● **EXTRACTED INFORMATION**
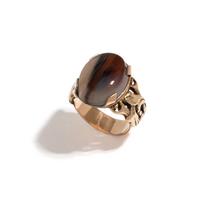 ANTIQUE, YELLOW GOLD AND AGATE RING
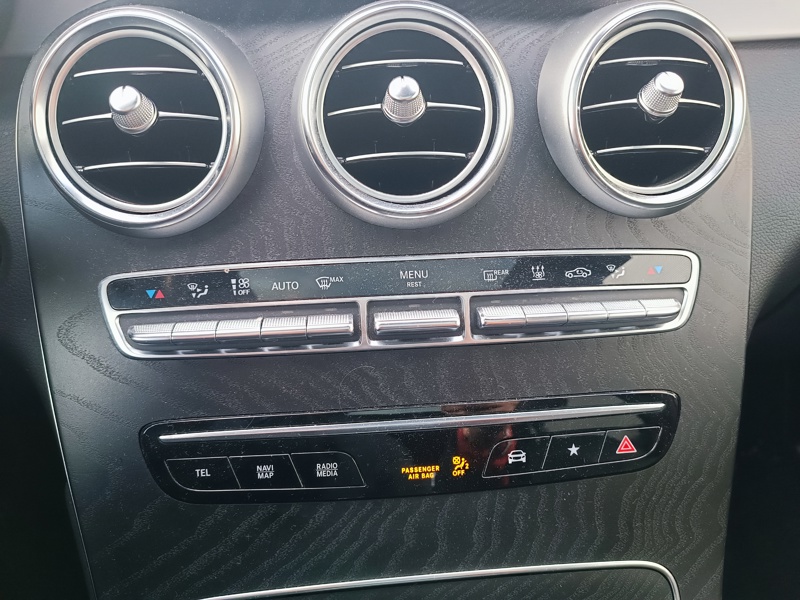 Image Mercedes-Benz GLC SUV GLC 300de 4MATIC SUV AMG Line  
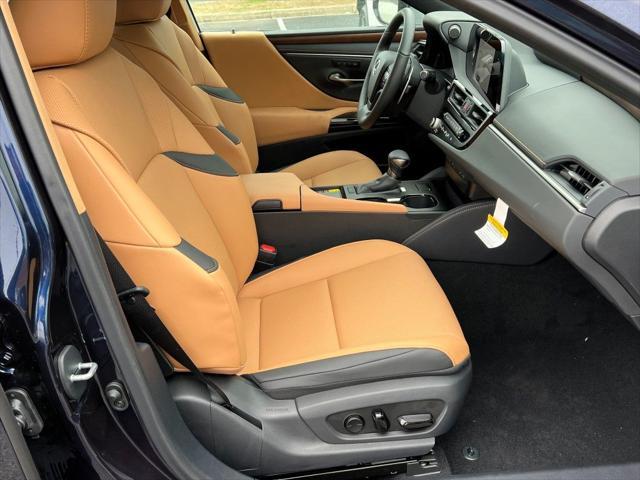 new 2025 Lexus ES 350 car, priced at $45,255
...
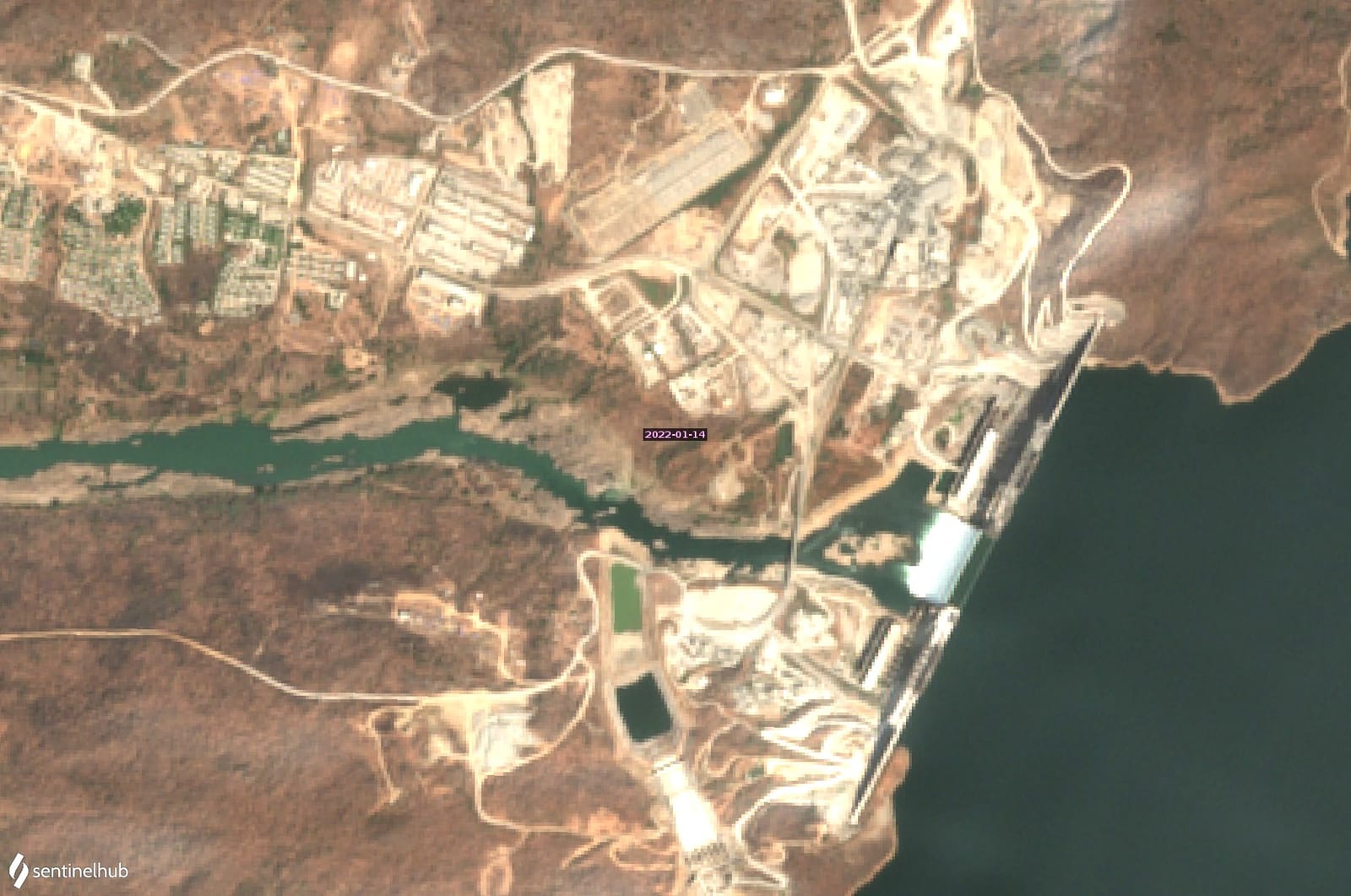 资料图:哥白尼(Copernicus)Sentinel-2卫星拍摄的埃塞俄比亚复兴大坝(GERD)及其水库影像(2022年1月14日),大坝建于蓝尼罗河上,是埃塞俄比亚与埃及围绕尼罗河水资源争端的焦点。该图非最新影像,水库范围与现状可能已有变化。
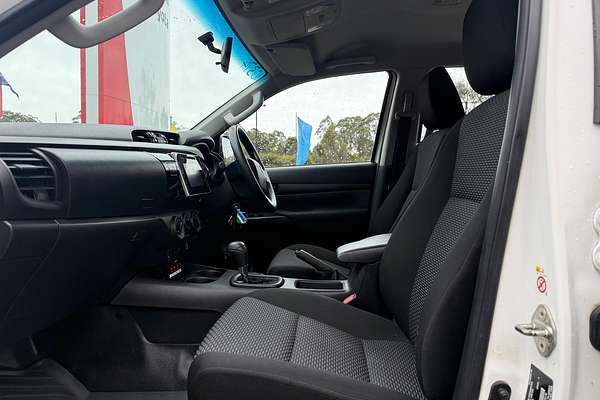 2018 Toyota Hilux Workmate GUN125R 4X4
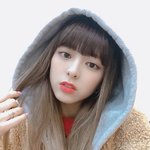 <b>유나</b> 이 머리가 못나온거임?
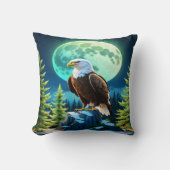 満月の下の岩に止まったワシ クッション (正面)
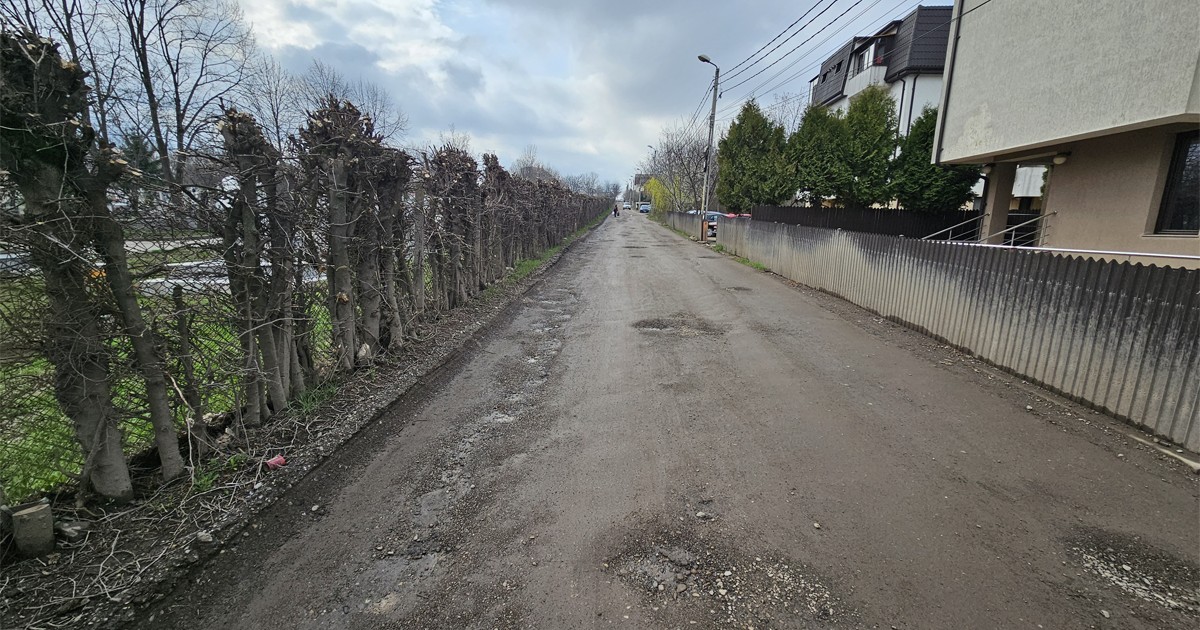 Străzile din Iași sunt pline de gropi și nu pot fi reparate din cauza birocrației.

● **PROMPT**
Although the records above contain pictures, the copy should not; retype exactly the lines from the one containing "ANTIQUE, YELLOW GOLD AND AGATE RING" through the one containing "new 2025 Lexus ES 350 car, priced at $45,255".

● **ANSWER**
 ANTIQUE, YELLOW GOLD AND AGATE RING
 Image Mercedes-Benz GLC SUV GLC 300de 4MATIC SUV AMG Line  
 new 2025 Lexus ES 350 car, priced at $45,255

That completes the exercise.